今日(2月25日)、朝日新聞朝刊のオピニオン欄(17面)に、興味深いインタビュー記事が掲載された。題して「中華民族復興」。アメリカの文化人類学者、パトリック・ルーカス氏(50)が朝日新聞の取材に応じて語ったものだ。私は、この記事が、さまざまな意味で興味深かった。

朝日新聞がこれを掲載したこと自体がおもしろかったし、1980年代から中国に留学し、長く中華民族の研究をつづけ、国際教育交流協議会・北京センター長も務めるアメリカ人研究者の独特の視点に大いに興味を駆きたてられたのだ。

ルーカス氏の習近平国家主席に対する分析はユニークだ。それによると、習近平はこの20~30年の間で、最も「民族主義的な中国の最高指導者」であり、その理論が「中国は特別である」「中国の需要は他者より大事だ」といった特徴的な2つから「成り立っている」ことだという。

習近平は、「偉大なる中華民族の復興」を唱え、自分たちが歴史上優秀な民族であり、アジアの中心だった元々の地位に戻る、と言いたいのだそうだ。その理論の危険性をルーカス氏は、「愛国主義には健康的な部分もあり、必ずしも他者を傷つけるわけではありません。しかし、民族主義はそもそもが差別意識であり、他者を必要とする。そして往々にしてその他者に害を与えます」と指摘している。

つまり、中国の「民族主義」への警鐘が、このインタビューの核心と言える。ルーカス氏はその上で、「1980年代、中国共産党は“破産”した」と分析している。共産党が呼びかける共産主義のイデオロギーを、誰も信じなくなり、そのために、「共産党は、市民の信任を得るため、何か新たなものを必要とした」というのである。

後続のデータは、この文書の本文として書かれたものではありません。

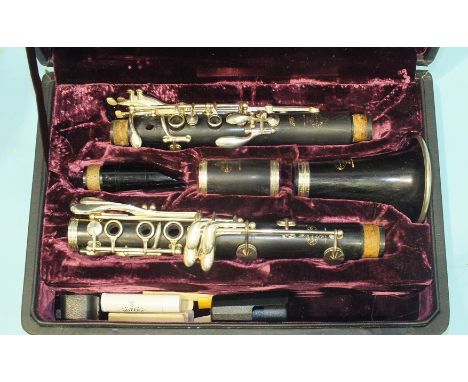 A Buffet Crampon & Cie clarinet, serial number 402411, cased.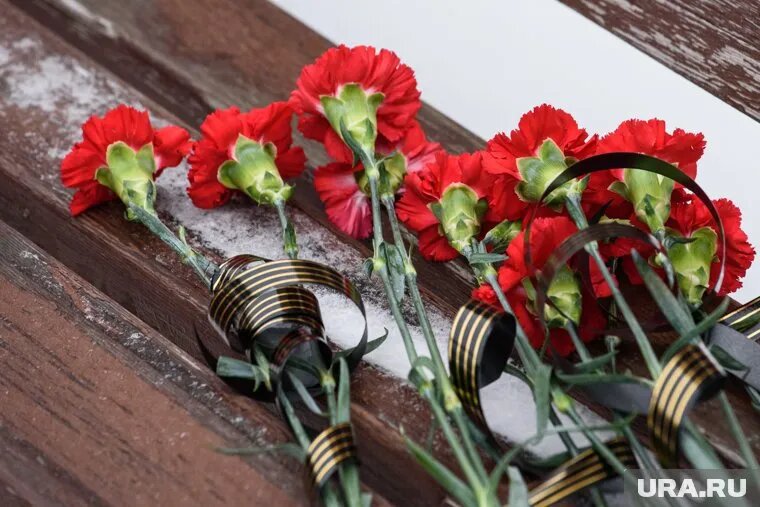 Схоронив демобилизованного бойца Ильнура Ханова, родственники не получили ни документов, ни медалей. Фото: Илья Московец © URA.RU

私が大学時代も含め、毎年のように中国を訪れていたのは、同じ1980年代のことである。抑圧と独裁が特徴だった中国共産党と、それを冷めた目で見つめる人民の姿が、当時の私には印象的だった。人々の物質的な要求を満足させるために「改革開放路線」をとった中国は、当然の帰結として貧富の差が拡大していく。その頃のことをルーカス氏も独特の視点で観察していたようだ。

共産党にとって、貧富の差が拡大することは本来、許されない。厳しい抑圧によってその不満を封じなければ、統治そのものが揺るぎかねなかった。

興味深いのは、ルーカス氏がこの時点で、「共産党は帽子を変え、マスクを変えることにした。共産主義はいわば淘汰され、民族主義が統治に使われ始めたのだ」と分析していることである。

「共産主義の淘汰」と「民族主義による統治」――インタビューは、そこからがおもしろい。ルーカス氏は、1995年前後に始まった当時の江沢民国家主席の愛国主義教育について、「ここで登場したのが“被害者の物語”。これは極めて便利なものだった」としている。そこで「敵」として登場したのが「日本人と、その侵略行為」であり、「民族主義と共に、こうした“記憶”が呼び起こされた」というのである。

ルーカス氏は、毛沢東時代には「中華民族が立ち上がった“勝利者の物語”」だけで十分で、80年代まで、「統治者は“被害者の物語”を必要としなかった」と、指摘している。つまり、改革開放路線による貧富の拡大は、80年代から90年代にかけて“勝利者の物語”だけでは人民を納得させられなくなり、そこに「民族主義」とそれを補強する“被害者の物語”が必要になっていった、というのである。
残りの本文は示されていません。